Sapphire: Low Cost Platform

What shaped the entire Sapphire most were the visions and strategies of the SAP executive board members, because there was little that was concrete. Everything will be better, promised Bill McDermott and Executive Board member Christian Klein.
For a long-standing SAP customer, these promises are naturally hard to believe, because in the important SAP service area, board member Michael Kleinemeier is without a successor. He has now had to extend his contract by one year and will be back on the Sapphire in 2020, although he planned to be retired by then.
The entire SAP cloud business has lost its master mind with the departure of CEO Rob Enslin to Google. Now three members of the Executive Board have to take care of this SAP construction site: Christian Klein, Jennifer Morgan and Jürgen Müller.
Things are not looking good in the SAP back office and behind the Sapphire stage. CFO Luka Mucic had to pull the ripcord and announce a second Capital Markets Day in New York for this year.
An absolute and far from planned novelty at SAP. Hasso Plattner's sarcastic criticism of the previous speakers was therefore only justified: He would now hold a low-cost keynote without the support of his long-time partner and Chief Technology Officer Bernd Leukert. SAP's new Chief Technology Officer Jürgen Müller does not yet seem ready for the big Sapphire stage.
But even Plattner could not escape the general Sapphire trend "a promise of the future". One of his favorite words was "hokey stick". He meant to imply that SAP is currently still in a self-discovery phase after acquisitions such as Callidus and Qualtrics, and that the Hana database could become a platform for the "intelligent enterprise.
If SAP does its homework in the coming years, the revenue, margin and share curve could take off like the shape of a field hockey stick. But that is just a promise for the future.
Even the benevolent SAP user group DSAG sees the present as still full of unsolved challenges.
"Ariba, Hybris, Concur, Fieldglass, Callidus and most recently Qualtrics: SAP's acquisition policy in recent years has led to a massive need to bring systems and master data together.
We see that the solutions purchased from SAP still involve certain integration difficulties. We have already communicated to SAP that the integration of the individual components is not yet satisfactory.
From our perspective, there are indications that SAP is already working on further integration and, as announced at Sapphire, is offering an initial solution in the area of customer management with the Customer Data Cloud."
said DSAG CEO Marco Lenck, commenting on the announcements in Olrnado.
Definitely like a hokey stick, the global data volume will develop. Professor Plattner made this development clear during his Sapphire keynote and at the same time pointed out the problem of this enormous volume of data in connection with an in-memory computing database such as Hana.

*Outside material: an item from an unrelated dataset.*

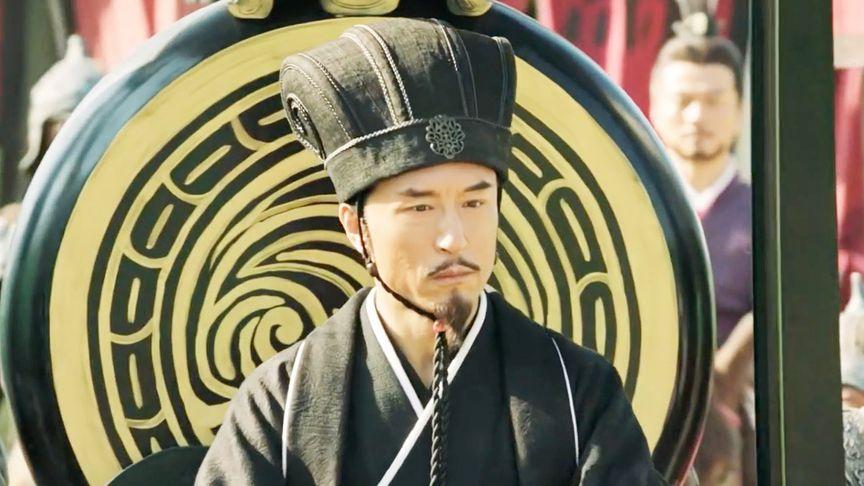 六字真言是什么(诸葛亮给刘禅留下六字真言,可保蜀汉不灭,可惜他却“记反了”)(图2) 六字真言是什么(诸葛亮给刘禅留下六字真言,可保蜀汉不灭,可惜他却“记反了”)(图2)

Big Data overwhelms the Hana database concept, where the paradigm is that all data is in main memory. But SAP has taken precautions: With the purchase of Sybase in 2010, SAP became the owner of the database ASE (Adaptive Server Enterprise), which shows a similar architecture as Hana but is hard disk oriented.
The combination of Hana in-memory computing and Sybase ASE can now be used to build very large, hybrid database systems for the coming Big Data. The existing SAP customer then gets the best of both worlds with the Hana platform: fast in-memory computing and inexpensive disk storage space.
Integration and databases are just two of the many construction sites that Plattner sees at SAP, and he hoped that SAP employees would leave their comfort zone and air-conditioned offices and get to work. One aid, in Plattner's opinion, could be the acquisition of Qualtrics.
With this software platform, it should be possible to get very fast and precise feedback from the market. This would then enable the company to better plan its own development work. In any case, Plattner called on his CEO from the Sapphire stage to significantly increase the speed of innovation.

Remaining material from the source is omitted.